Saved entries
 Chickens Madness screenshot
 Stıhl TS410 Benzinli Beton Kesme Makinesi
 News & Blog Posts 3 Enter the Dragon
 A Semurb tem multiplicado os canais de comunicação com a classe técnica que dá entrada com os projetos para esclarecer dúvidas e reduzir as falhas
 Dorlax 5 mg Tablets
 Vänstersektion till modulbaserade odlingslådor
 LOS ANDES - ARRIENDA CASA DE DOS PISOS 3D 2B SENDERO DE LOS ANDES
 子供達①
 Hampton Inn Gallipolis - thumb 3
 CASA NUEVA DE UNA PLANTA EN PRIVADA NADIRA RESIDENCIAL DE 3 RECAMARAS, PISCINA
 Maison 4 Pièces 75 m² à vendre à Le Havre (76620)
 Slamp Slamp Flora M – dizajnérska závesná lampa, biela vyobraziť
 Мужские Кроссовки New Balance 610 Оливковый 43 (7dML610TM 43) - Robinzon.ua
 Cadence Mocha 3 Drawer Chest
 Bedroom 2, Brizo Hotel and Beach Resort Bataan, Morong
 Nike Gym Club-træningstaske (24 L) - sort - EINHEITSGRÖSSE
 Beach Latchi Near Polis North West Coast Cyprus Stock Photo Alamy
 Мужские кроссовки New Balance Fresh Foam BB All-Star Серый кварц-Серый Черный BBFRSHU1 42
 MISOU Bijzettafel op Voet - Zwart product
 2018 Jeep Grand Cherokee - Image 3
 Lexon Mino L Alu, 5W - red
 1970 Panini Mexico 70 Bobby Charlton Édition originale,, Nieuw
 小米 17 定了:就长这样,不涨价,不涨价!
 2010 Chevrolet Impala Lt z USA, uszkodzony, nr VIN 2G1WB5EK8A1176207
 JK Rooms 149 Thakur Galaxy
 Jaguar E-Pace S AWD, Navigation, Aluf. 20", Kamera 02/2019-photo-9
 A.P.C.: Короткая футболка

REQUIREMENT: Please reproduce, exactly as written, the lines of the records from the first line through the one containing "Bedroom 2, Brizo".

RESPONSE:
 Chickens Madness screenshot
 Stıhl TS410 Benzinli Beton Kesme Makinesi
 News & Blog Posts 3 Enter the Dragon
 A Semurb tem multiplicado os canais de comunicação com a classe técnica que dá entrada com os projetos para esclarecer dúvidas e reduzir as falhas
 Dorlax 5 mg Tablets
 Vänstersektion till modulbaserade odlingslådor
 LOS ANDES - ARRIENDA CASA DE DOS PISOS 3D 2B SENDERO DE LOS ANDES
 子供達①
 Hampton Inn Gallipolis - thumb 3
 CASA NUEVA DE UNA PLANTA EN PRIVADA NADIRA RESIDENCIAL DE 3 RECAMARAS, PISCINA
 Maison 4 Pièces 75 m² à vendre à Le Havre (76620)
 Slamp Slamp Flora M – dizajnérska závesná lampa, biela vyobraziť
 Мужские Кроссовки New Balance 610 Оливковый 43 (7dML610TM 43) - Robinzon.ua
 Cadence Mocha 3 Drawer Chest
 Bedroom 2, Brizo Hotel and Beach Resort Bataan, Morong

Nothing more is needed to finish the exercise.